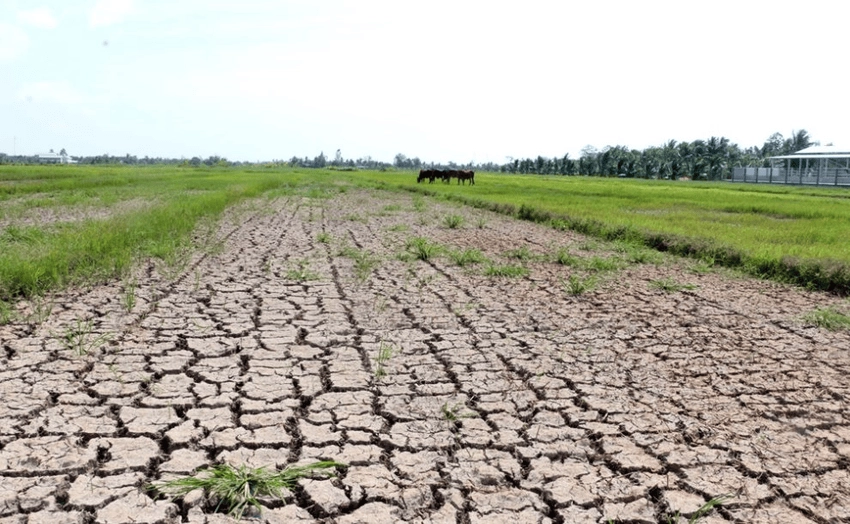 Gia tăng hạn hán kéo dài phản ánh sự biến đổi của thời tiết cực đoan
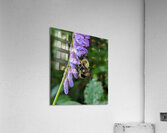 Nectar Dance - Maine Botanical Wall Art Acrylic Print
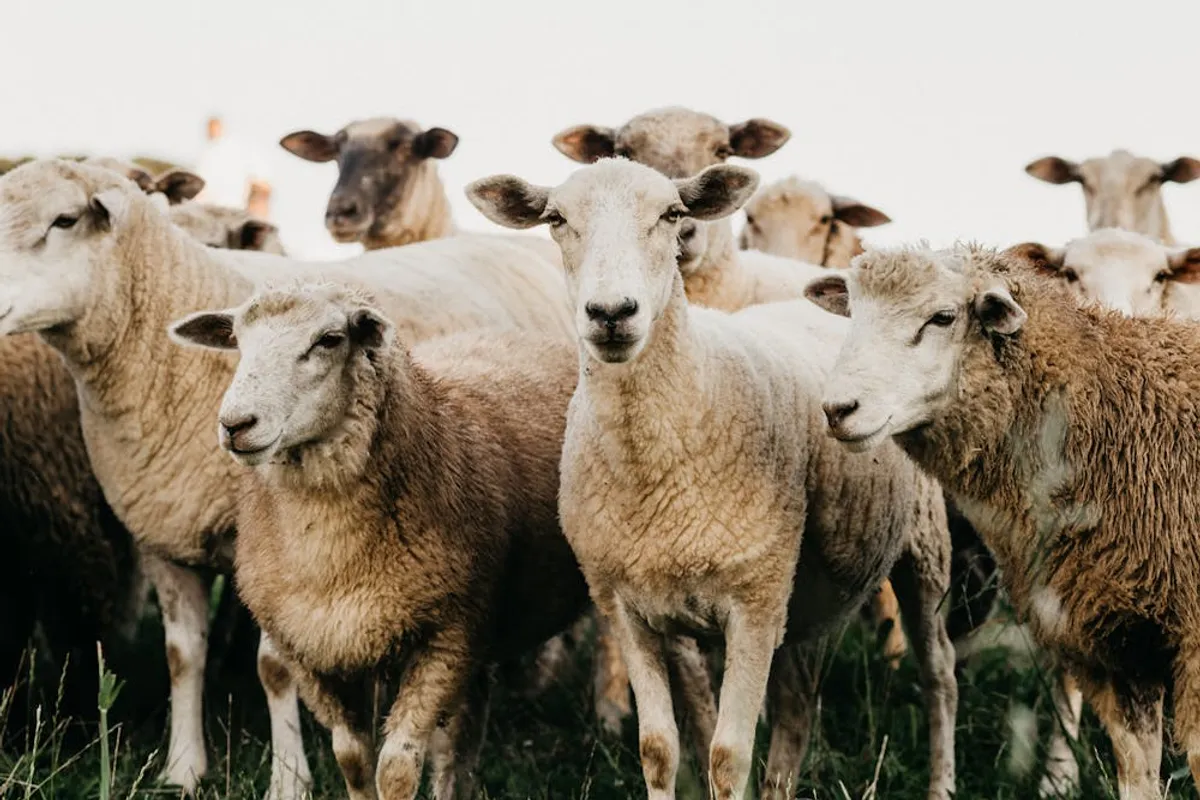 Schafherde auf einer Wiese stehend. | Quelle: Pexels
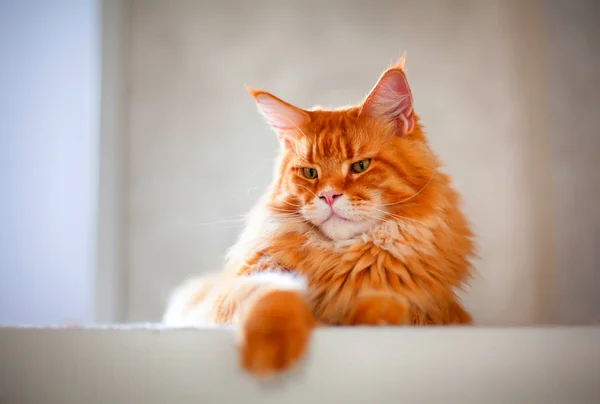 Ingwer Maine Coon Katze — Stockfoto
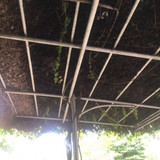 KERANGKA ATAP Taman Depan DTS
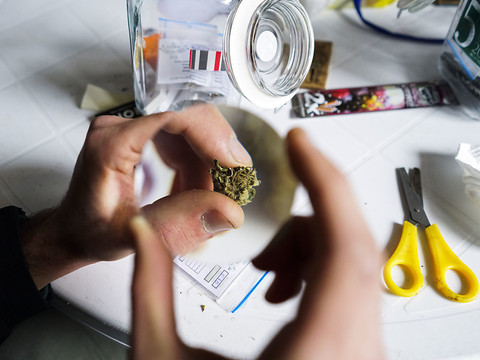 Début de la vente de cannabis en pharmacie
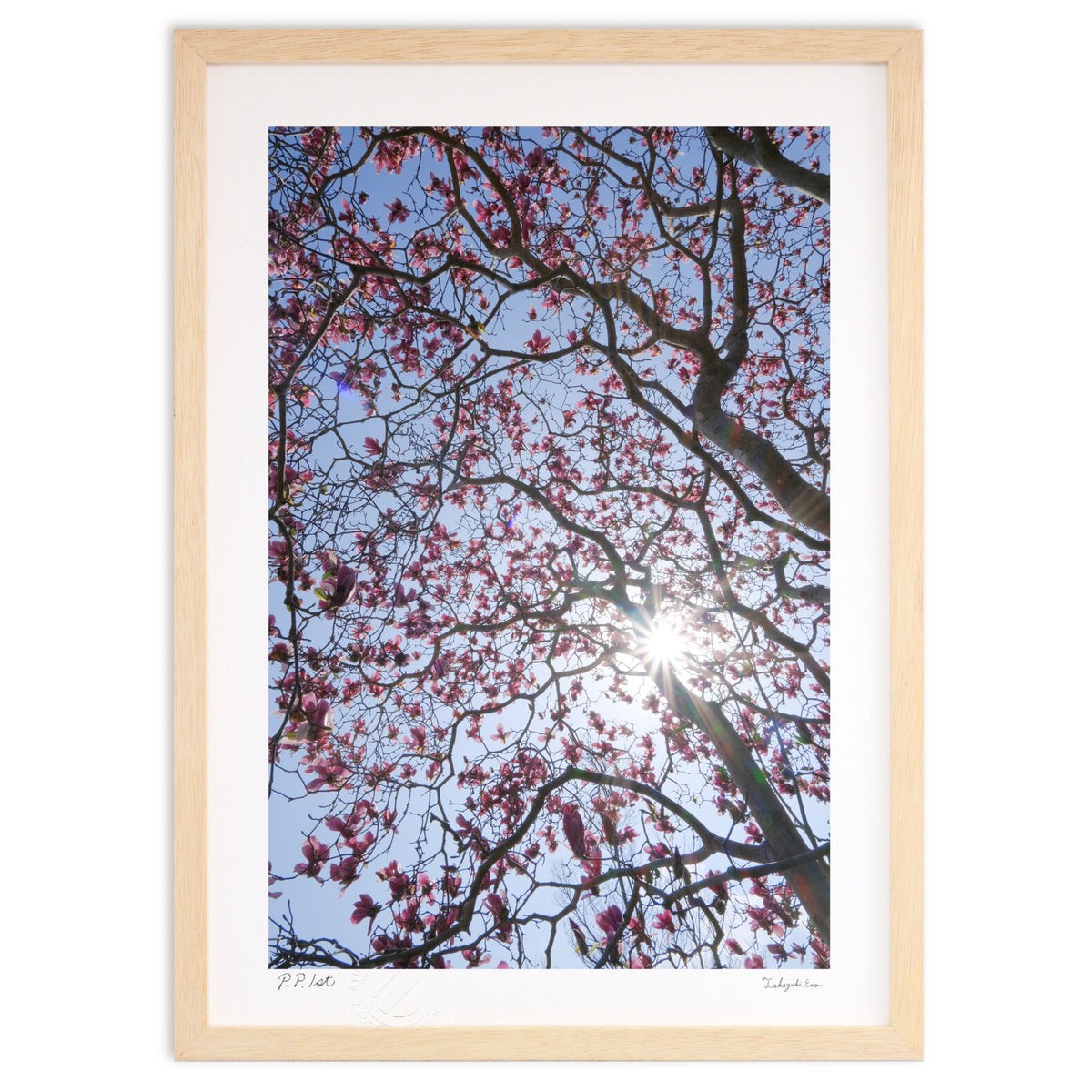 Backlit Magnolia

——————

- [BRIEF]
Transcribe the entries above verbatim, excluding any image.

- [WRITTEN RESPONSE]
 Gia tăng hạn hán kéo dài phản ánh sự biến đổi của thời tiết cực đoan
 Nectar Dance - Maine Botanical Wall Art Acrylic Print
 Schafherde auf einer Wiese stehend. | Quelle: Pexels
 Ingwer Maine Coon Katze — Stockfoto
 KERANGKA ATAP Taman Depan DTS
 Début de la vente de cannabis en pharmacie
 Backlit Magnolia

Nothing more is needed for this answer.